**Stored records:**
####

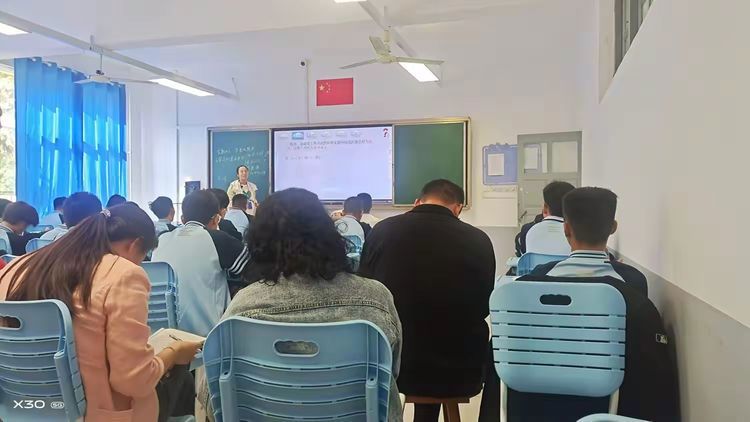 凝心聚力展风采，听评研讨促提升——青岛兴华汽车工程学校教师公开课活动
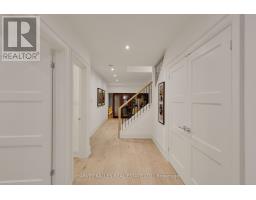 254 Yonge Boulevard, Toronto, ON M5M3J3 Photo 44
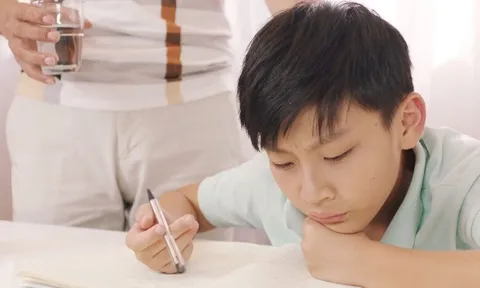 Tăng ca về nhà muộn, vừa đến cửa tôi bàng hoàng thấy cảnh chồng bế bảo mẫu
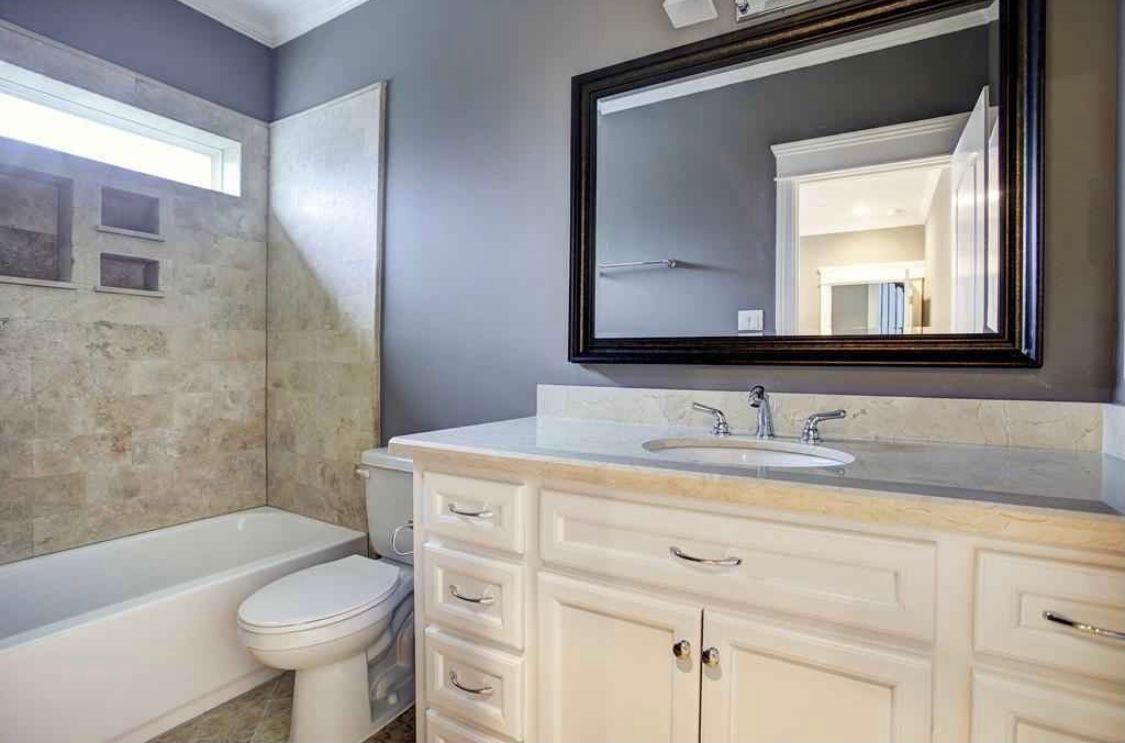 Building Photo - 2115 Bidwell Dr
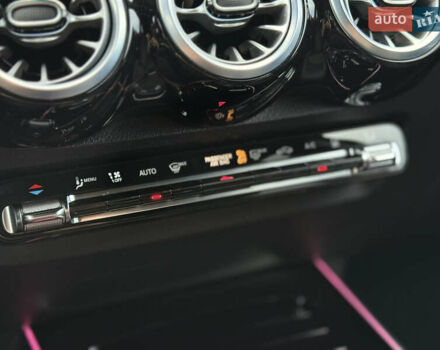 Мерседес EQB 2024 у Ковель на Automoto.ua Чорний Мерседес EQB, об'ємом двигуна 0 л та пробігом 62 тис. км за 34580 $, фото 90 на Automoto.ua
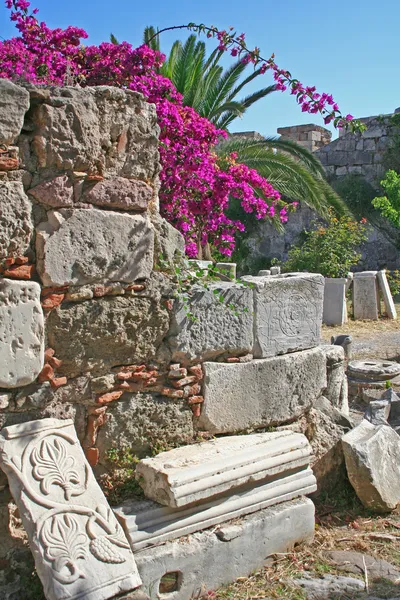 Greece. Kos island. The ruins of castle of the Knights — Stock Photo, Image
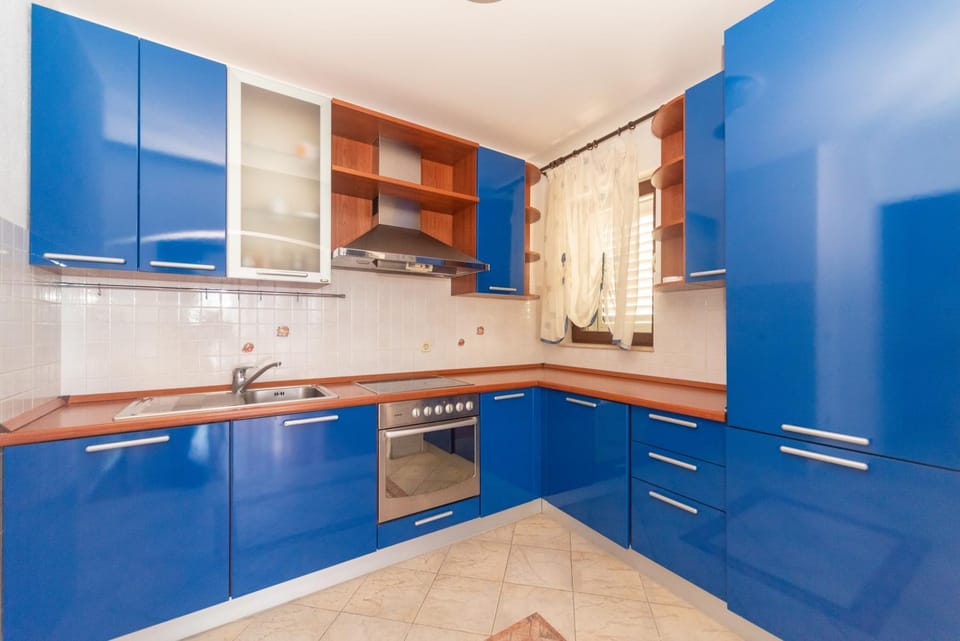 Villa Tomislav Apartment in Baška Voda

####

Output all of the entries once more, word for word, with the images removed.

 凝心聚力展风采，听评研讨促提升——青岛兴华汽车工程学校教师公开课活动
 254 Yonge Boulevard, Toronto, ON M5M3J3 Photo 44
 Tăng ca về nhà muộn, vừa đến cửa tôi bàng hoàng thấy cảnh chồng bế bảo mẫu
 Building Photo - 2115 Bidwell Dr
 Мерседес EQB 2024 у Ковель на Automoto.ua Чорний Мерседес EQB, об'ємом двигуна 0 л та пробігом 62 тис. км за 34580 $, фото 90 на Automoto.ua
 Greece. Kos island. The ruins of castle of the Knights — Stock Photo, Image
 Villa Tomislav Apartment in Baška Voda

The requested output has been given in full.